Casey v. State

414 S.W.2d 657 | Tex. Crim. App. | 1967

OPINION

WOODLEY, Presiding Judge.

The conviction is for the felony offense of drunk driving; the punishment, 5 years.

Two grounds of reversal are presented by appellant’s brief.

The first relates to the sufficiency of the indictment, raised by motion to quash, the contention being that the indictment fails to disclose that it was presented in the district court of the county where the grand jury was in session, as required by Article 396 C.C.P., 1925, now Article 21.02 Vernon’s Ann.C.C.P.

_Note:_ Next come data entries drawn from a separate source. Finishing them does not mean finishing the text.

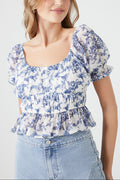 Floral Print Puff-Sleeve Top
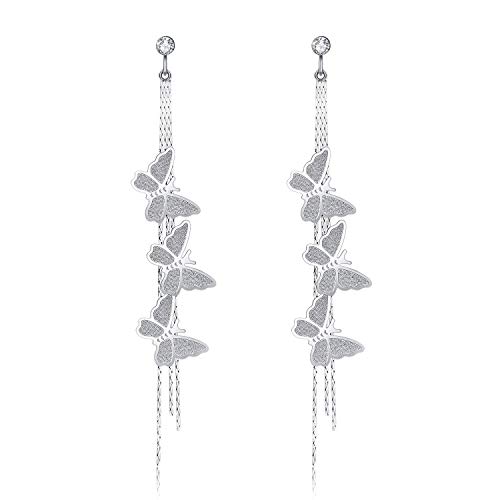 Kruckel Butterfly Long Drop Dangling Earrings -Sparkly Bright Arc-Shaped, Spring-Inspired Dangle Women Jewelry, Flying Silver, Easy - Wear Fashion Design Accesory Packed with Durable Jewelry Box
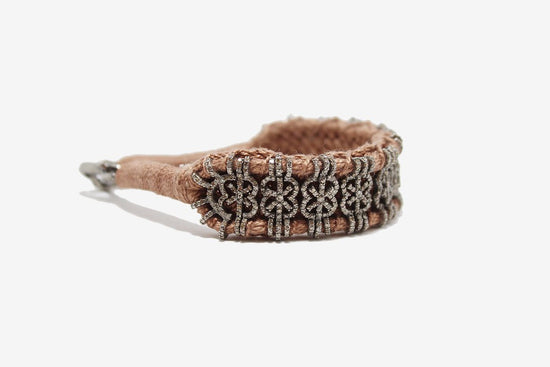 Woven Nude Silk + Diamond Bracelet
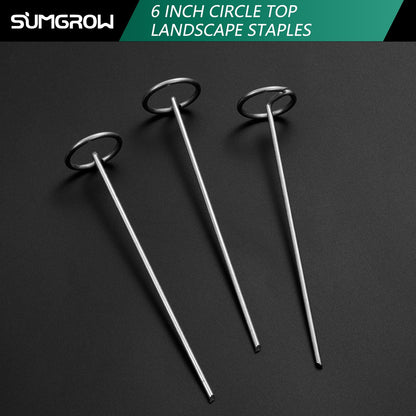 SUMGROW 120 Pack 6-inch, Landscape Staples, Fabric Pins, Weed Barrier Stakes, Circle Top Galvanized Steel Spikes for Securing Outdoor Tent, Ground Sheets, Fleece, Edging, Lawn Turf, Decorations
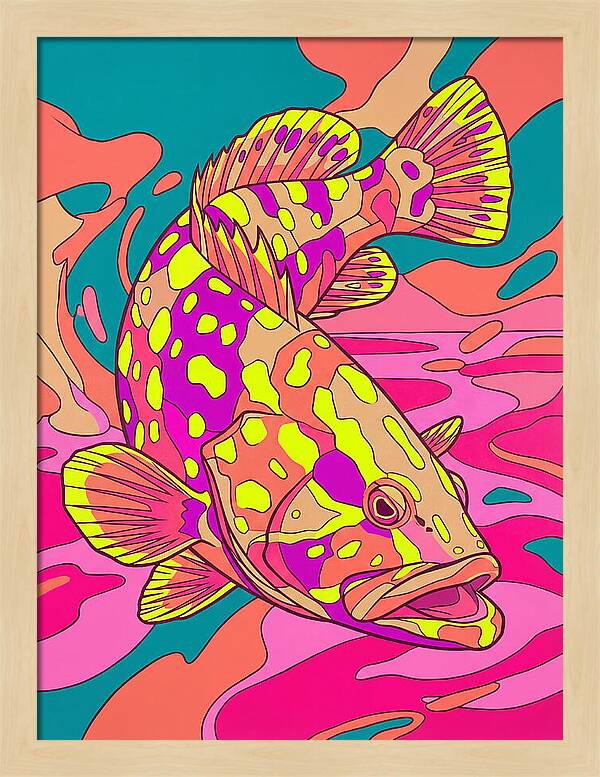 Colorful Grouper Underwater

The indictment alleges, in the first paragraph :

“The Grand Jurors, duly selected, organized and impaneled as such for the County of Runnels, State of Texas, at the October term, A.D., 1965, of the 119th District Court for said County, upon their oaths present in and to said Court that on or about the 26th day of November, A.D., 1965, in the County and State aforesaid, and anterior to the presentment of this indictment Overton Harris Casey did then and there unlawfully, while intoxicated and while under the influence of intoxicating liquor, drive a motor vehicle upon a public highway within said County and within said State.”

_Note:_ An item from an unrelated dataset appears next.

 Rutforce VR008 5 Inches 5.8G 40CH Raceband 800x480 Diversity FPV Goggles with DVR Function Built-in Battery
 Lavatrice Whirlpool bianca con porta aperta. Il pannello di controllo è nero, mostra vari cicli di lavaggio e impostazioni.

These allegations are in the form suggested in Willson’s Texas Criminal Forms, Seventh Edition, Sec. 14, p. 15, and meet the requirements of Art. 21.02 C.C.P. Tunnell v. State, 168 Tex.Cr.R. 358, 327 S.W.2d 590.

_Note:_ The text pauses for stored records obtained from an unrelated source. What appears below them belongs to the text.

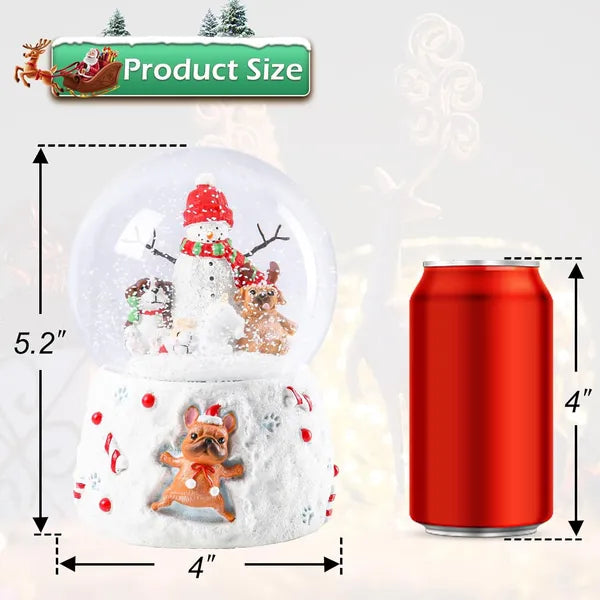 Christmas Snow Globe with Music – Gingerbread Village, 8 Songs, Color-Changing LED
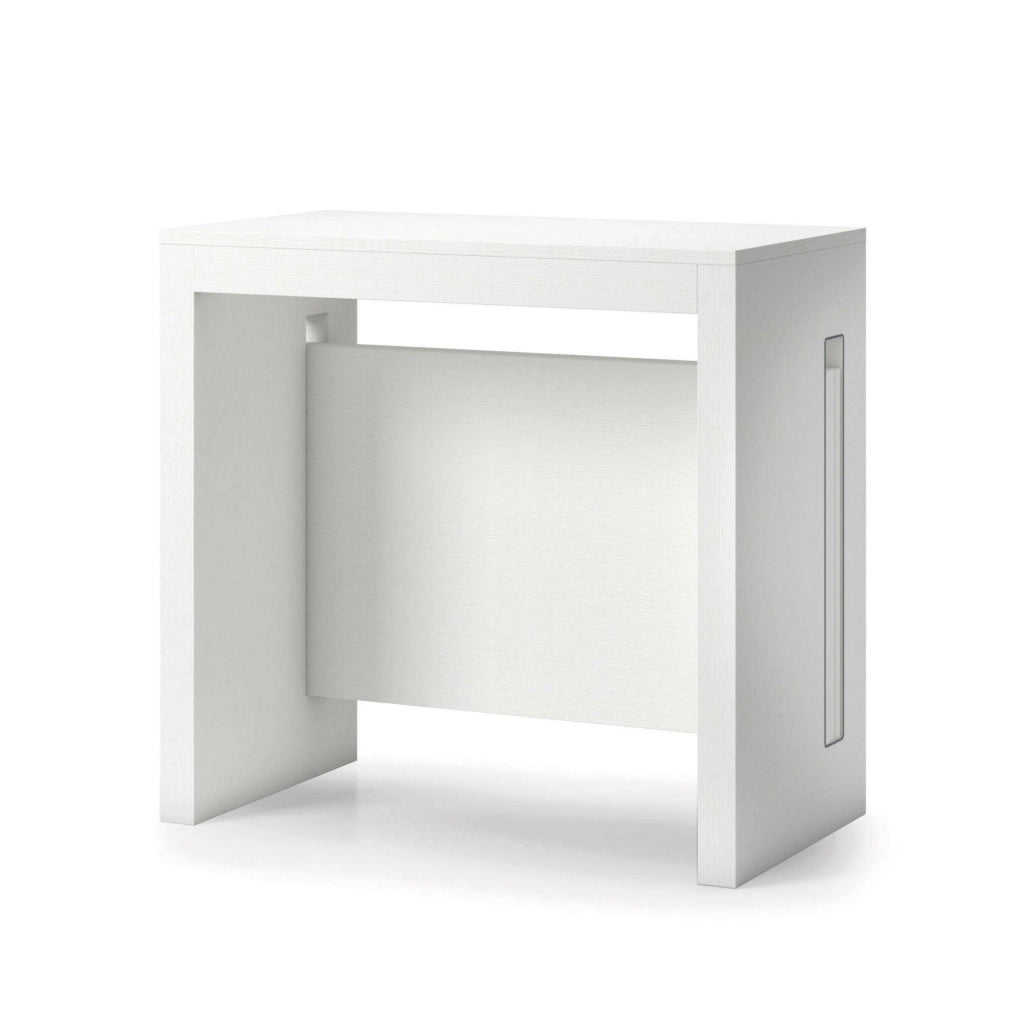 Tavolo allungabile Akam, Tavolo da pranzo estensibile, Consolle multiuso con allunghe, Made in Italy, Cm 186x80h76, Bianco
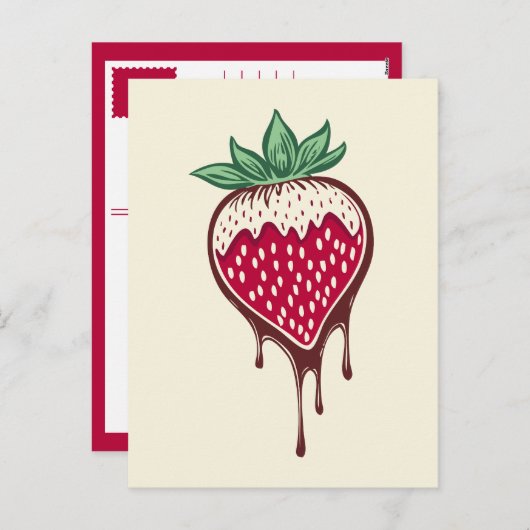Cartes Pour Fêtes Annuelles fraise couverte au chocolat (Devant / Derrière)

The second ground for reversal relates to the sufficiency of the evidence to sustain the conviction.

The undisputed evidence, including a stipulation between appellant and his counsel and counsel for the state, shows that appellant drove his pickup into the pickup which was parked in front of R. L. Carey’s residence in Winters, Runnels County, Texas, and paid for the damage which amounted to $128.00.

The state’s evidence shows that Mrs. Carey witnessed the collision and saw appellant as he drove from the scene and into the driveway at his home nearby. Mrs. Carey or her husband called the police and some ten minutes later Police Officer Milton Dillard found appellant slumped over the steering wheel of his pickup, in the driveway of his home.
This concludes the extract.